Basterebbe inoltre confrontare due articoli di quotidiani a tiratura nazionale, perfino ideologicamente affini, per scorgere l'evidente confusione dentro cui l’informazione naviga. Da una parte un documentato articolo che ben descrive la superficialità, l’approssimazione, le colpevoli omissioni, il cinismo con i quali si è gestita, agli alti livelli internazionali, tutta la faccenda . E dall’altra la richiesta morale di un’accoglienza indiscriminata delle vittime di tutto ciò. In altre parole: ciò che è certo è il semplice fatto che le nefaste ricadute create (dalle discutibili mosse delle élite supreme) vanno a danno esclusivo delle fasce popolari perfino tenute sotto il bavaglio del ricatto etico.
Destabilizzare, quindi ridistribuire le popolazioni in fuga dai vari inferni prodotti, sembrerebbe, in quest’ultimo trentennio, il cinico percorso intrapreso dai “decisori egemoni” (l’élite suprema) per accelerare . sembrerebbe - una sorta di multiculturalità …neomercantile. Ritenuto troppo scomodo aspettare un’emancipazione endogena si preme (sembrerebbe) per quella esogena: rapida e sbrigativa. Mischiare tutto in nome di supposti Diritti Umani può essere bellissimo. Perfino …tragico.
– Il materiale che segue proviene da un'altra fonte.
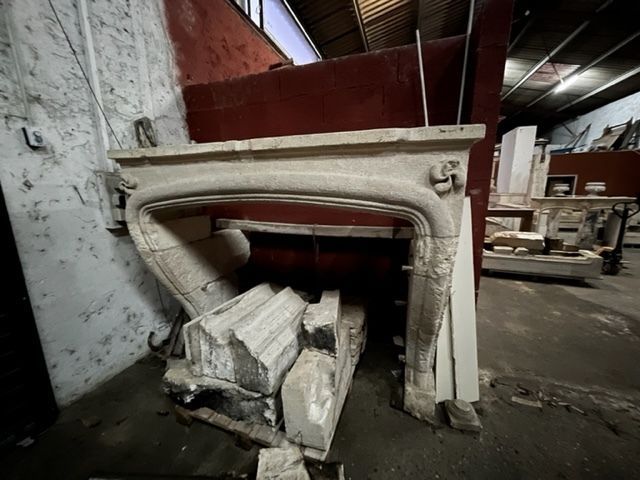 Une cheminée en pierre brisée dans un espace de rangement intérieur. Beige avec des murs rouges et gris.
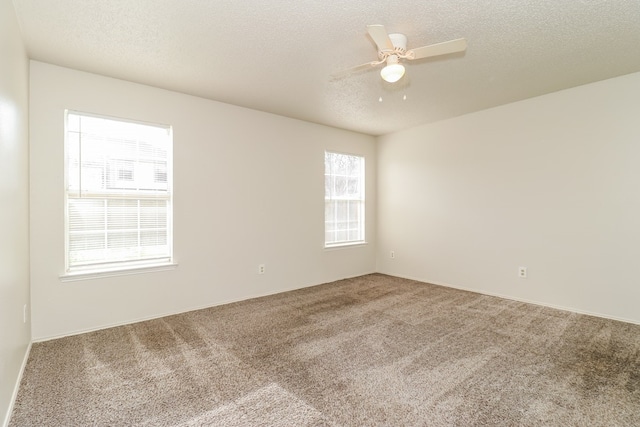 spare room with carpet, a textured ceiling, and ceiling fan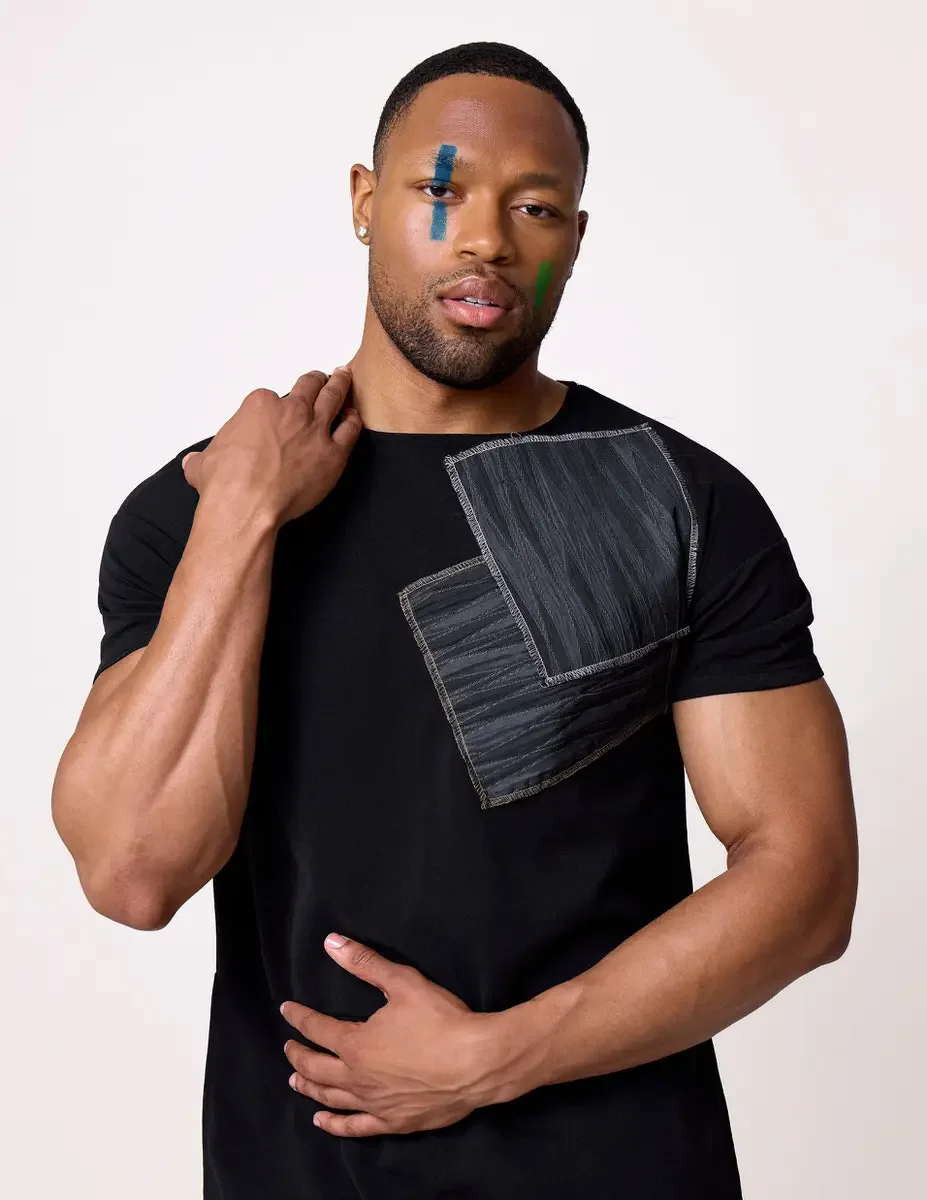 JUS10H Black Summer Jacket editorial, three-quarter portrait of male model in black fitted tee with gray patchwork chest detail, white background, photographed by Scott Parker Photo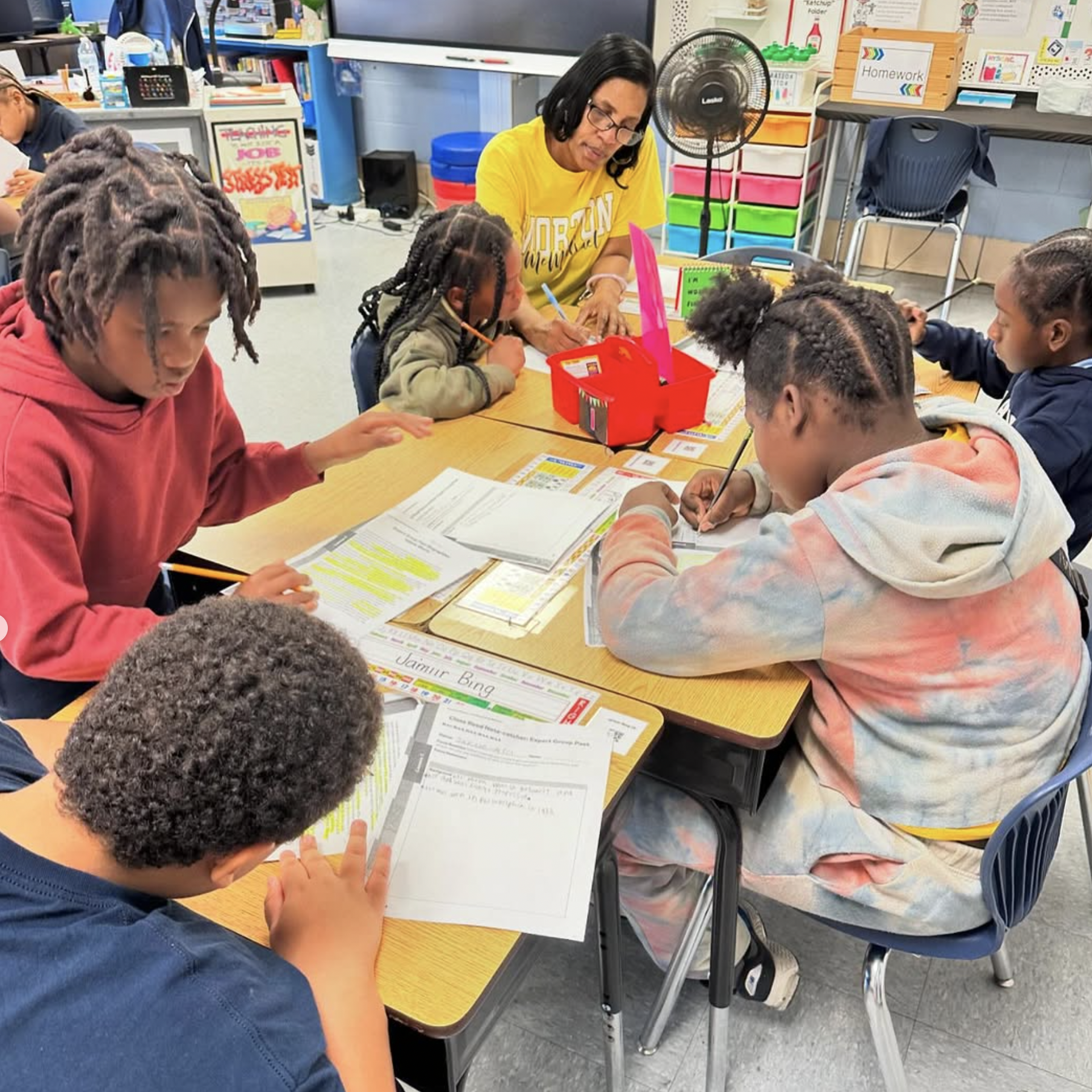 Students at Morton McMichael School sit around a table working on assignments with a teacher providing small group instruction in a classroom setting.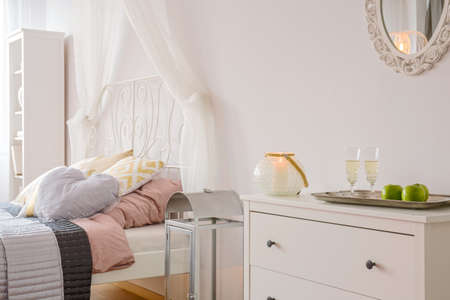 Room with bed with canopy, mirror and white dresserの写真素材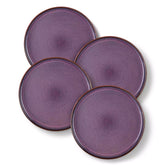 Sata purple stoneware dinner plate set of 4 styled with lamb chops and vegetables on a dinner table farmhouse lipped edge reactive glaze one of a kind finish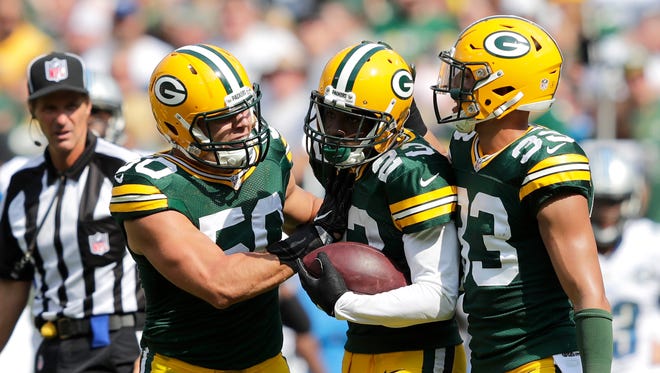 Green Bays' Damarious Randall celebrates a defensive play with Blake Martinez, left, and Micah Hyde, right, during a game in 2016.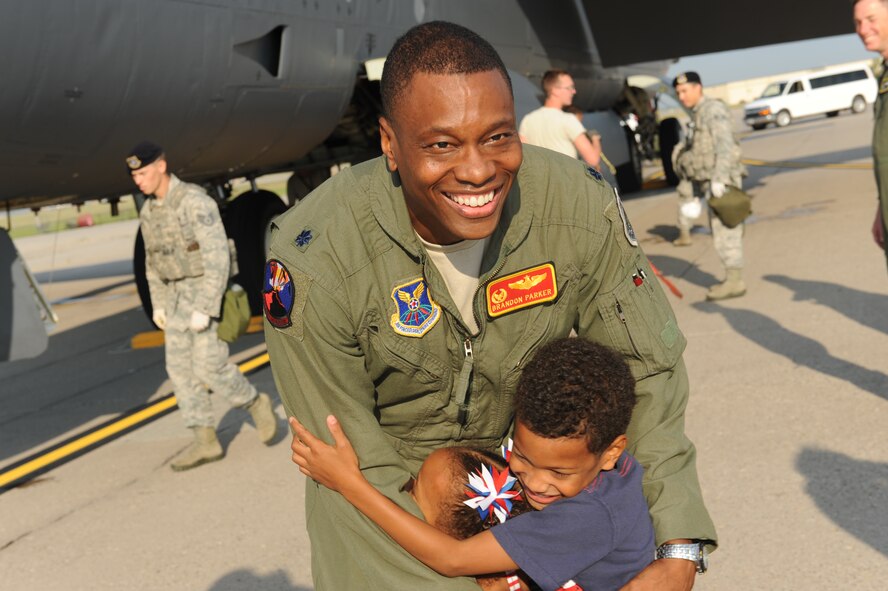 Airmen from the 23rd Bomb Squadron, 5th Maintenance Group and other units throughout Minot Air Force Base returned home, Sept. 1, from a deployment to Andersen AFB, Guam.  Their five-month deployment to Andersen AFB was in direct support of U.S. Pacific Command’s Continuous Bomber Presence designed to enhance security in the Asia-Pacific region by providing prudent deterrent capability. (U.S. Air Force photo/Airman 1st Class Apryl Hall)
Cosicché ecco assegnato l’incarico ai media che dev’essere inteso come la quotidiana narrazione di un’irenica immagine di un pianeta “formato-città-per-tutti-quanti” sul prototipo elargito dalle nostre parti valido per i seducenti, seppur sconvolti, agglomerati metropolitani. Le “inquiete”periferie (anche planetarie) seguiranno e dovranno muoversi sul modello di un rigido separatismo economico, sociale e …culturale. Gli esempi si sprecano.
Anche malgrado, oppure in ragione di codesti pesanti limiti, il ruolo dei media appare sempre più ostinatamente orientato all’inscindibile diffusione di una ideologia fondata su astratti seppur dottrinali concetti di una “felice globalizzazione …inclusiva”. Ipotesi che hanno a che fare con la futurologia consumistica d’azzardo. Il resto è comunicazione.